Cis Britons know mumsnet as a webforum for mothers. However, over the last 20 years, it has gradually turned into a highly influential transphobic hate site, while also still being a major, mainstream site for especially new mothers.
The site launched 30-ish years ago, when webforums were still exciting. This was during the digital divide era, so the initial culture was established by middle class women.
It exists partly as a response to some cultural problems in the UK. The thing about England is that people here hate children. Loathe them. This is not a joke. Indeed, even more than people hate children, they abhor babies. At most venues, indoor smoking is more welcome than babies. There aren’t really that many places that people staying home with new babies can go.
Also, despite national myths, England is as sexist as America. New mums are specifically vulnerable to this. They’re cut off from their normal support networks. For natal mothers, embodied aspects of childbirth also bring the full weight of “women are icky” down upon their heads.
So, are you feeling lonely, isolated, disempowered, at odds with your husband who suddenly has some traditional ideas about nappy changing or whatever? Well, here’s a place where you can go to talk to other people just like yourself! Other lonely, aggrieved, relatively wealthy, entitled (but suddenly cut off from various forms of power) people, trying to figure out how to navigate a very hostile system. Share stories! Trade tips! Organise!

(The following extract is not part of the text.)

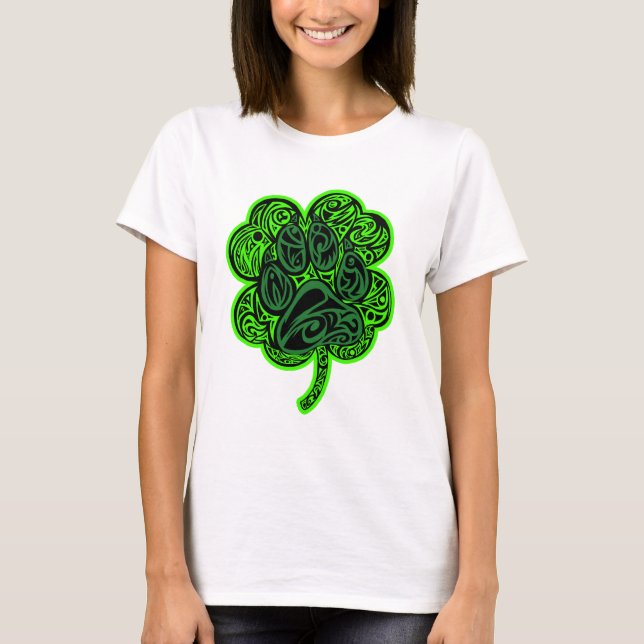 T-shirt Empreinte de patte de trèfle de quatre feuilles (Devant)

Politicians started having to go talk to mumsnet to win voters. This impacted policy. Political organisation on the forums worked!
This is rather a lot for a chat board for mothers, which, by design, was never intended to address parenthood (let alone personhood) more generally. For example, its not intended for men on paternity leave, who also have the same isolation and hostile systems (although not the same kind of sexism). People of other genders who have given birth have to deal with a highly gendered space if they want to join. Adoptive mums have their own battles on the platform. And it only solves part of the problem it’s tackling: people meeting up online are still isolated from face to face connections.
However, the evolution from social space to political space also created additional problems which the site did not address. Decades ago, Jo Freeman wrote ‘The Tyranny of Structurelessness‘ which describes how consciousness raising groups (women’s mutual support groups) did not transfer well to being political groups, because political groups need to be organised in ways that acknowledge and account for power relationships. Mutual support groups can kind of ignore those, but as soon as they try to go out and do something, systems of oppressive power are replicated, cliquiness and/or bullying arises. Mumsnet has all of those problems at mass scale.
Finally, the biggest problem of all, especially as mumsnet moved into politics: it equates womanhood with motherhood.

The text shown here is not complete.